Parts of their account, however, still leave room for improvement. They comment that congenitally corrected transposition is "also known as l-TGA." This may well be true in the majority of cases, but certainly not in all. We know that the aorta is "d-transposed" in almost all the cases found with mirror-imaged atrial arrangement. Those who continue to use "l-TGA" as a synonym for corrected transposition are taking the segmental notation of Van Praagh [5] out of context. The correct way of describing those cases of congenitally corrected transposition with usual atrial arrangement and left-sided aorta is as "transposition {S, L, L}," while those rare cases of "regular" transposition with concordant atrioventricular connections and left-sided anterior aorta are properly designated as "transposition {S, D, L}." Codification of the full segmental arrangement is essential to show the full picture.
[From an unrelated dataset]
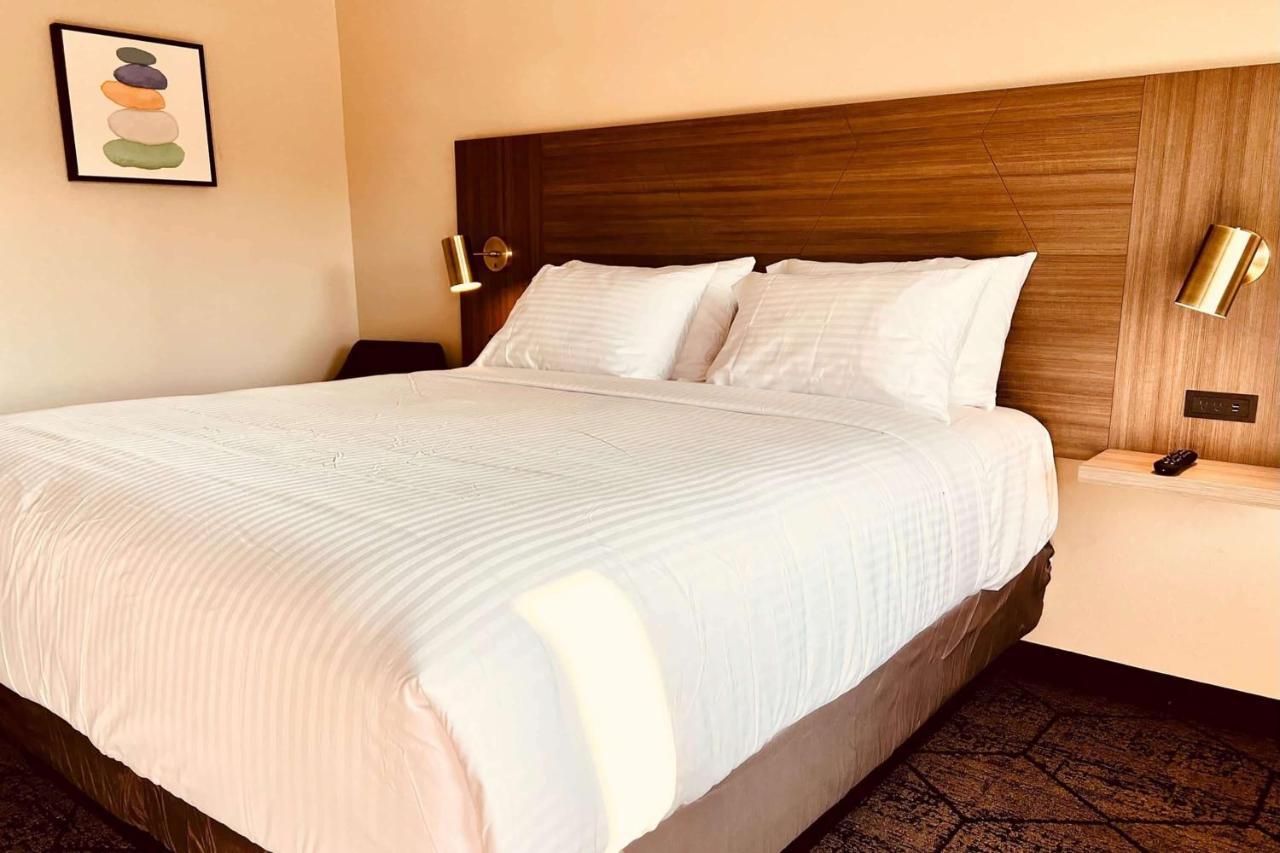 Ramada By Wyndham Modesto Yosemite Area Hotel Bagian luar foto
In their description of the background to the discovery of the anterior node, the authors then do less than justice to Monckeberg [6] and Lev and colleagues [7]. According to Hosseinpour and colleagues [1], "in the index case of Monckeberg, cited by Bharati and Lev, cc TGA was associated with double outlet right ventricle." There are two problems with this assertion. In the first place, if there is double outlet right ventricle, then the heart should no longer be described as displaying "transposition." Double outlet right ventricle can certainly be found in association with discordant atrioventricular connections, and Monckeberg certainly described the conduction tissues in such a case [6]. It is less than perfect, however, to describe double outlet right ventricle in this setting as representing "congenitally corrected transposition." "Transposition" is best considered synonymous with discordant ventriculoarterial connections, or alignments. Discordant ventriculoarterial connections cannot coexist with double outlet. Description of these categories should represent an "either-or" situation. The aorta can certainly be anterior in the setting of double outlet right ventricle, but is best not described using the term "transposition."
It is the credit due to Monckeberg that is perhaps more important. The significance of Monckeberg's case had been recognized long before the paper published by Bharati and Lev in 1978 [8]. Lev, with other colleagues, had discussed the significance of his findings in 1958, a report of the conduction tissues in hearts with common atrioventricular orifice [6]. Monckeberg's observations, nonetheless, remained neglected by the surgical community even after Lev's discussions, as had other important studies published in the German literature [9]. The surgical significance of the anterior node became evident in the early 1970s [2, 4]. At that time, I had just returned from a year spent in Amsterdam. During my studies, my mentor, Dirk Durrer, had commented "the Anglo-Saxons spend all their time rediscovering the old German literature." When considering knowledge of the location of the conduction axis in hearts with discordant atrioventricular connections [6, 9], it was difficult to quarrel with this assertion. We should not, therefore, devalue these original contributions in the German literature. But at least now, thanks to the study of Hosseinpour and colleagues [1], we have a rational explanation as to why the patients studied thus far with congenitally corrected transposition in the mirror-imaged variant had their bundles of His arising from "regular" atrioventricular nodes.